Roman Rosul

Personal information
- Full name: Arthur D. Roderick
- Date of birth: May 10, 1953 (age 73)
- Place of birth: Cleveland, Ohio, U.S.
- Height: 6 ft 0 in (1.83 m)
- Position: Forward

Youth career
- Cleveland Lviv

College career
- Years: Team / Apps / (Gls)
- 1972–1975: Cleveland State Vikings

Senior career*
- Years: Team / Apps / (Gls)
- 1973: Cleveland Inter-Italian
- 1976: Miami Toros / 14 / (4)
- 1977: Fort Lauderdale Strikers / 2 / (1)
- 1977: Connecticut Bicentennials / 13 / (3)
- 1978–1980: Memphis Rogues / 23 / (9)
- 1983: Jacksonville Tea Men

= Roman Rosul =

American soccer player

Roman Rosul is an American retired soccer player who played professionally in the North American Soccer League and American Soccer League.

==Youth==
The son of Ukrainian immigrant parents, Rosul played for the Cleveland Lviv youth teams growing up. In 1971, he graduated from Rocky River High School. He scored 32 goals in 11 games his senior season as the team went undefeated and won the Ohio State High School soccer championship. He then attended Cleveland State University where he played on the men's soccer team from 1972 to 1975. He was a 1975 Honorable Mention (third team) All American and was inducted into the Vikings' Hall of Fame in 1988. In addition to his collegiate career, Rosul also played for the amateur Inter-Italia SC of Cleveland which lost to Maccabi Los Angeles in the 1973 National Challenge Cup.

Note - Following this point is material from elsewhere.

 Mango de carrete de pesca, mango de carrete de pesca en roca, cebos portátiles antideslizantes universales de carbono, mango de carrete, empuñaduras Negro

In that game, Rosul both scored and was ejected with a straight red.

==Professional==
In 1976, the Miami Toros drafted him in the first round of the North American Soccer League draft. In 1977, he began the season with the Fort Lauderdale Strikers before moving to the Connecticut Bicentennials. At the end of the season, the Bicentennials moved to California to become the Oakland Stompers. Rosul signed with the Stompers, but was traded to the Memphis Rogues where he played from 1978 to 1980. In April 1983, he joined the Jacksonville Tea Men of the American Soccer League.